Een hypotheekadviseur moet een klant € 45.000 betalen vanwege een fiscale blunder, zo heeft het financiële klachteninstituut Kifid bepaald. De adviseur was vergeten op het aanvraagformulier aan te geven dat de al bestaande Kapitaalverzekering Eigen Woning (KEW) moest worden behouden bij het omzetten van de lening. Daardoor wordt de verzekering tot het eind van de looptijd in box 3 belast.
De hypotheekadviseur zet in 2012 voor een klant een spaarhypotheek om naar een andere productvariant. De verzekering moet wel blijven kwalificeren als KEW, zodat die in box 1 zou vallen. De adviseur dient de aanvraag in, maar vult bij de vraag ‘is deze verzekering een kapitaalverzekering eigen woning?’ geen antwoord in. De klant en de adviseur ondertekenen beiden het formulier en de hypotheek wordt omgezet.
Fout vijf jaar later ontdekt
In 2017 wil de klant zijn hypotheek opnieuw wijzigen. Hij ziet dan dat de verzekering niet meer als KEW geldt en in box 3 wordt belast. Hij stelt de adviseur aansprakelijk voor de schade. De adviseur stelt op zijn beurt dat de gevolmachtigde via wie hij de hypotheek heeft omgezet, een fout heeft gemaakt. Bovendien heeft de klant zelf het formulier getekend, werpt de adviseur tegen. Hij had zelf al eerder kunnen opmerken dat de polis geen KEW meer was.
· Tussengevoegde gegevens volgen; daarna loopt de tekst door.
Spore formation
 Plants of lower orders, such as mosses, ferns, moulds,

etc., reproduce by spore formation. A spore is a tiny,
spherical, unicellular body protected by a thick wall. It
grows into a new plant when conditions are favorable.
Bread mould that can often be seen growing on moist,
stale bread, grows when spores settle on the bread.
Controle ten onrechte niet gedaan
Kifid gaat niet mee in de redenering van de adviseur. Hij heeft ten onrechte nagelaten om bij de desbetreffende vraag op het aanvraagformulier aan te kruisen dat de verzekering een KEW was, aldus de geschillencommissie. ‘Anders dan adviseur meent kan het feit dat de verzekering niet meer als KEW is aangemerkt niet aan gevolmachtigde worden verweten. Gevolmachtigde heeft immers niet meer of minder gedaan dan hetgeen op grond van het
aanvraagformulier van haar werd gevraagd.’ Het is voor rekening van de adviseur dat hij ten onrechte niet heeft gecontroleerd of de door de gevolmachtigde op basis van het aanvraagformulier afgesloten verzekering wel voldeed aan de wensen van de klant. Die had zelf niet hoeven opmerken dat de omzetting niet conform zijn wens was verlopen. ‘Consument mag er immers op vertrouwen dat de door hem daarvoor ingeschakelde adviseur, als de bij uitstek deskundige partij, de aan hem verstrekte opdracht juist en naar behoren uitvoert.’
Schade geschat
De adviseur is tekortgeschoten in de zorgplicht en moet de schade vergoeden. Die bestaat uit fiscaal nadeel tot en met 2040, door de klant begroot op € 61.247. Maar Kifid overweegt dat de schade zich nog grotendeels moet manifesteren, waarbij onder meer de toekomstige wijzigingen van het belastingstelsel, de rente en de inkomenssituatie van de klant onzeker zijn. Er moet dus worden geschat en het klachteninstituut bepaalt die schatting op € 45.000.